Dat klinkt als de plot van de actiehit
Under Siege, maar de kombuis op dit specifieke schip is niet het domein van
een door
Steven Seagal gespeelde ex-militair. Hier werkt gewoon een doodsbange kok
die zo gauw mogelijk naar huis wil, terug naar vrouw en dochter. En de piraten,
dat zijn geen Jack Sparrow-types, maar opgefokte Somaliërs met automatische
geweren, die zelf ook amper lijken te beseffen waar ze aan beginnen.
De kok wordt gespeeld door
Pilou Asbæk, en de directeur van het vrachtbedrijf waarvoor hij werkt, die
met de piraten in onderhandeling gaat, door
Søren Malling.
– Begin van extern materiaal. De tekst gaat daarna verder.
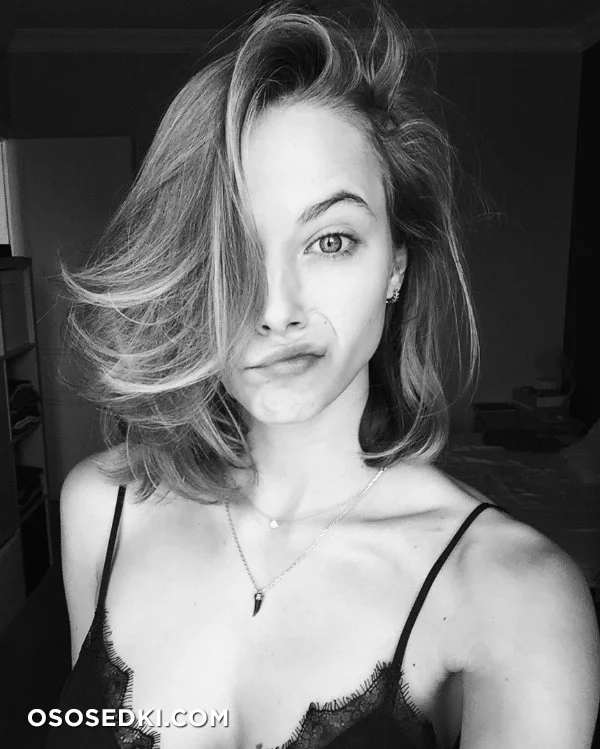Coline Aulagnier nude. Onlyfans, Patreon, Fansly leaked 130 nude photos and videos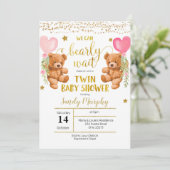 We kunnen het Baby shower van twee meisjes afwacht Kaart (Staand voorkant)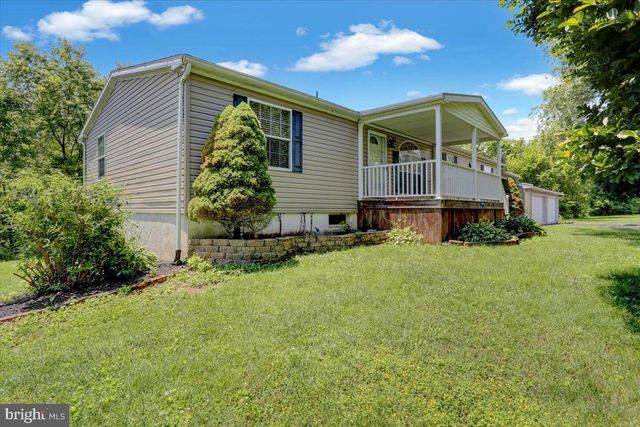 525 OLD PHILADELPHIA PIKE, Douglassville, PA 19518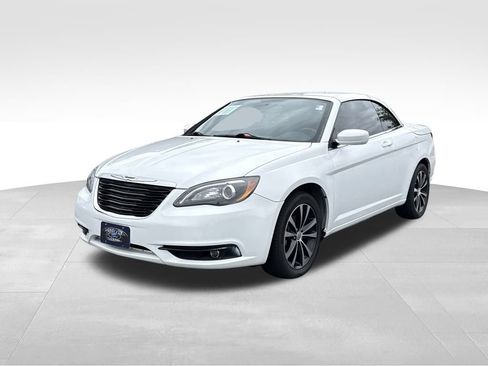 Used 2012 Chrysler 200 S image 2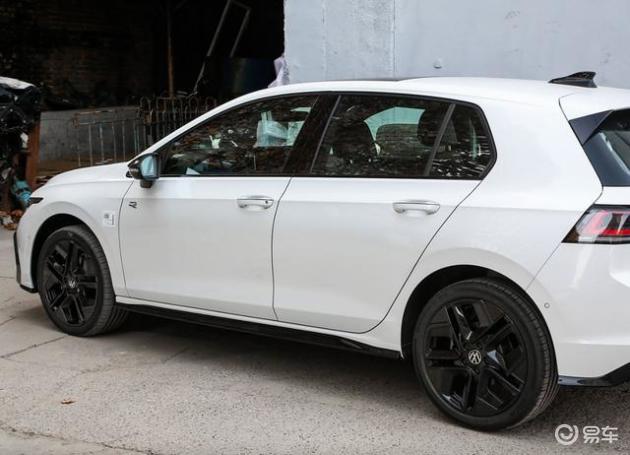 个性化改装让高尔夫焕然一新，独特魅力大放异彩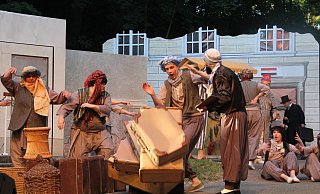 Quirliges Treiben: In Suez werden Koffer verladen. - Burkhard Battran Quirliges Treiben: In Suez werden Koffer verladen. - Burkhard Battran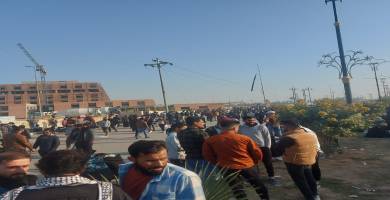 بالصور: استمرار اعتصام الخريجين لليوم الثاني امام مبنى محافظة ذي قار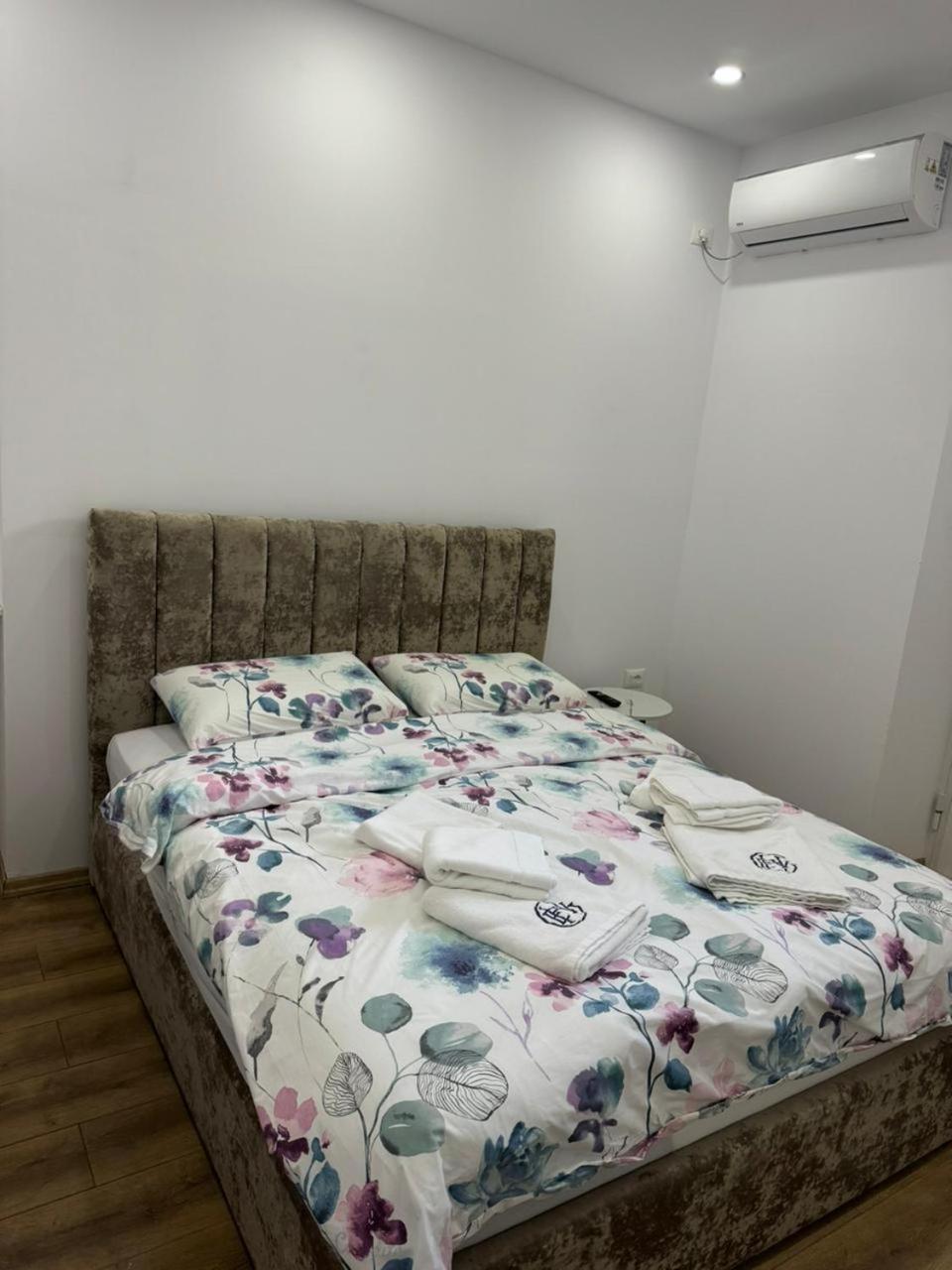 טיראנה Vila 21 At Blloku Area מראה חיצוני תמונה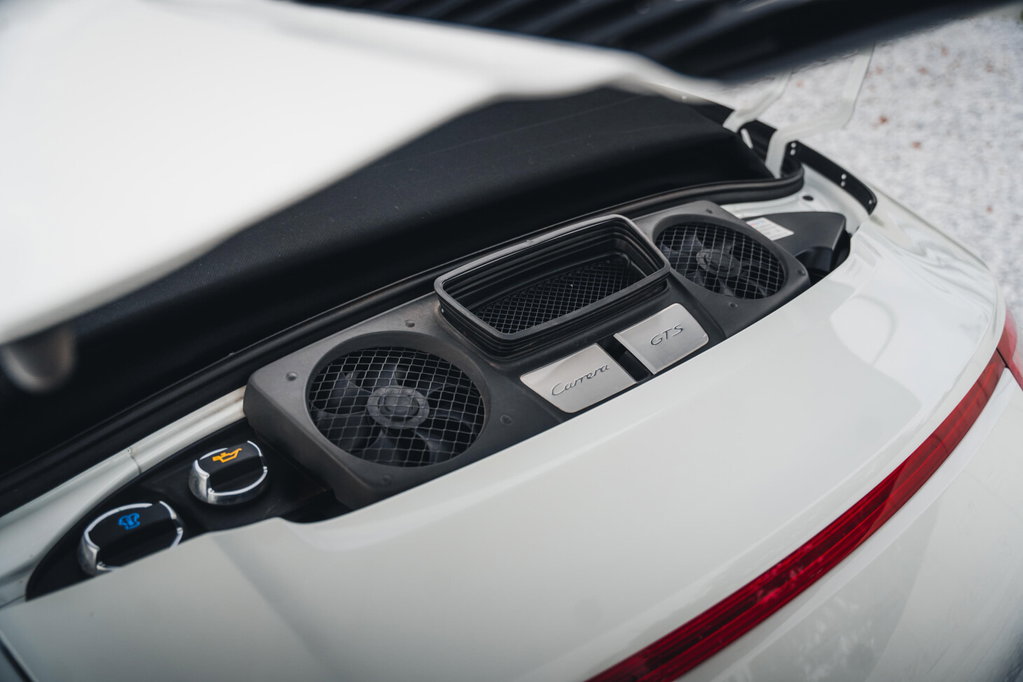 Porsche 991 Carrera 4 GTS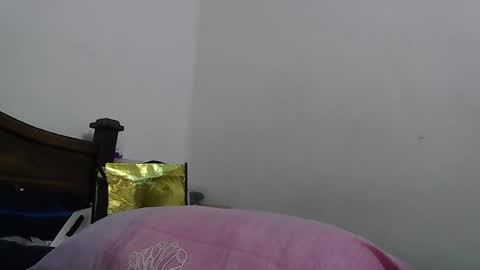 Snapshot of andrea_sweet8 chatting on December 18, 2:17 am andrea online show from December 18, 2:17 am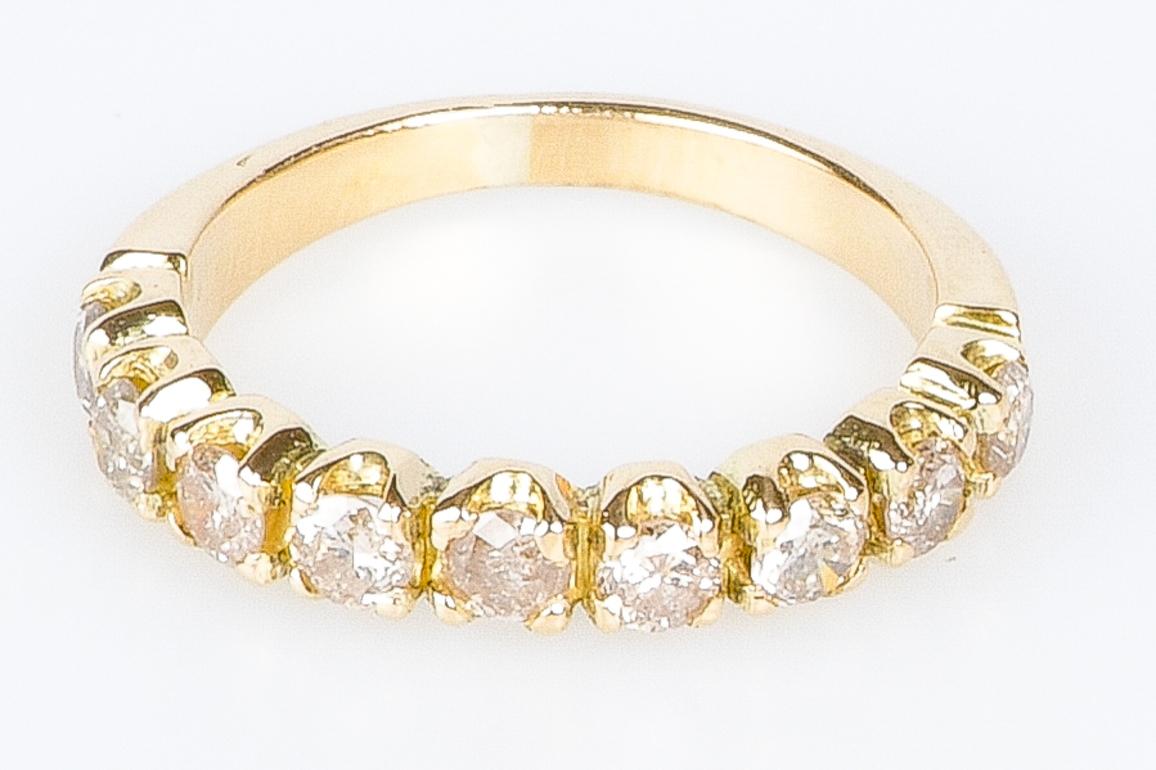  18k gold wedding ring adorned with nine beautiful diamonds For Sale 2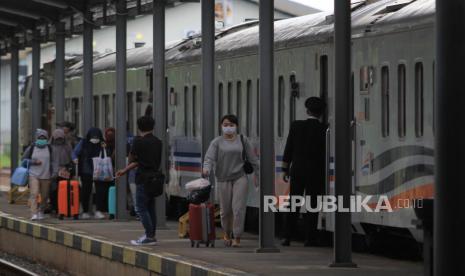 Para penumpang kereta di stasiun Cirebon.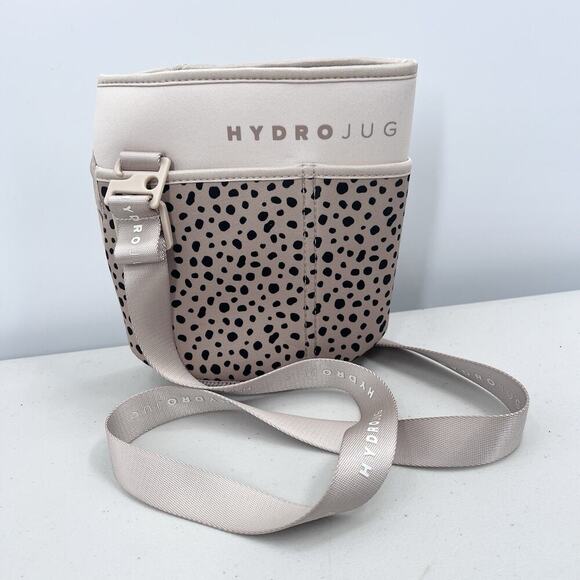 Hydro Jug 73 Oz Beige Black Spotted Print Sleeve With Carrying Strap - Picture 1 of 3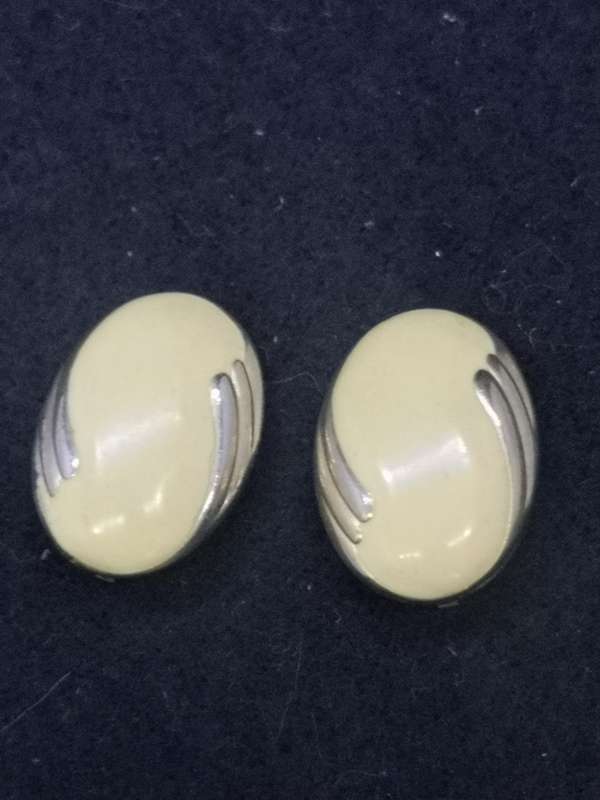 Vintage cream clip on earrings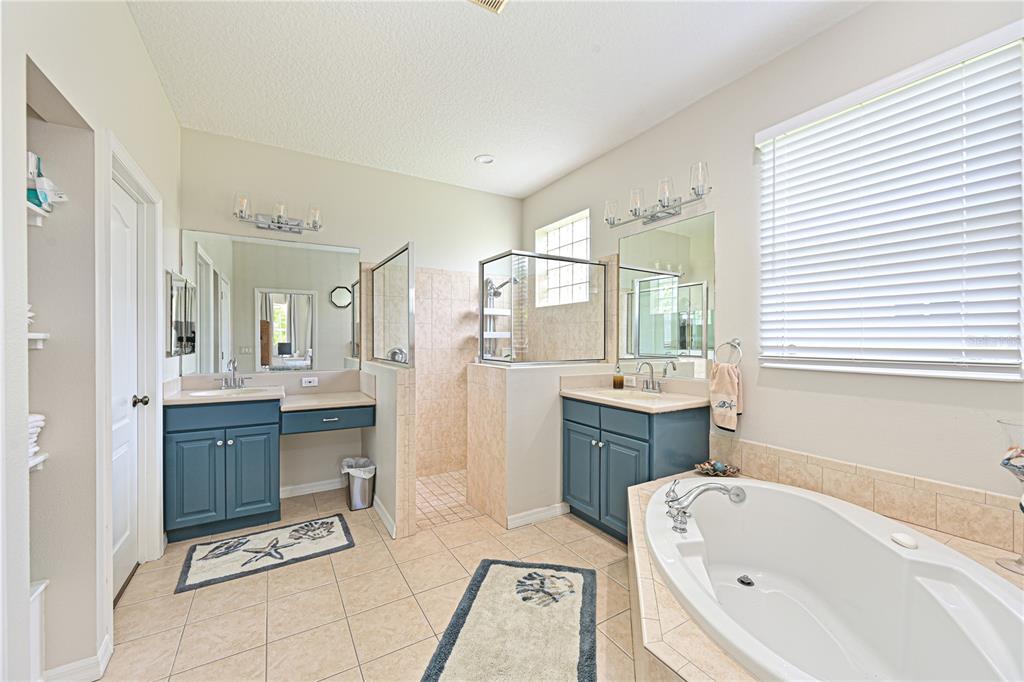 Bradenton, Florida, 34212, United States, 5 Bedrooms Bedrooms, ,3 BathroomsBathrooms,Residential,For Sale,1897819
Liefhebbers van de Deense serie
Borgen kennen dit duo beter als Kasper Juul en Torben Friis. Dat is geen
toeval: regisseur/scenarist van Kapringen (internationale titel: A Hijacking) is
Tobias Lindholm, die twintig afleveringen van de serie schreef – alsook de
Deense films
Submarino en
Jagten.
Uiterst sober en geloofwaardig verbeeldt Lindholm hoe
een moderne piratenaanval verloopt. Er klinkt bijna geen muziek, het verhaal
verloopt fragmentarisch, en er komt amper actie in beeld – de aanval zelf wordt
nota bene overgeslagen. Daarvoor in de plaats krijgen we de psychologische
gevolgen voor de betrokkenen te zien, de angst en onzekerheid, de verveling en
lamlendigheid ook.
Want deze kaping – losjes gebaseerd op een echte
zaak – is niet in een paar dagen opgelost. De onderhandelingen tussen de
directie in Kopenhagen en de piraten, die de kok inzetten om de druk te verhogen
, verzanden in een zenuwslopend kat-en-muisspel dat zich weken voortsleept.
De minimalistische aanpak werkt soms frustrerend: iets meer
achtergrondinformatie was best welkom geweest. Anderzijds wekt de focus van
Lindholms verhaal, en zijn weigering om terug te vallen op Hollywoodformules,
veel ontzag.
Zo kan het dus ook: deze arthouse-thriller is minstens
zo spannend als Under Siege.
Wanneer een schip wordt gekaapt door piraten, is het aan de kok om de boel te redden.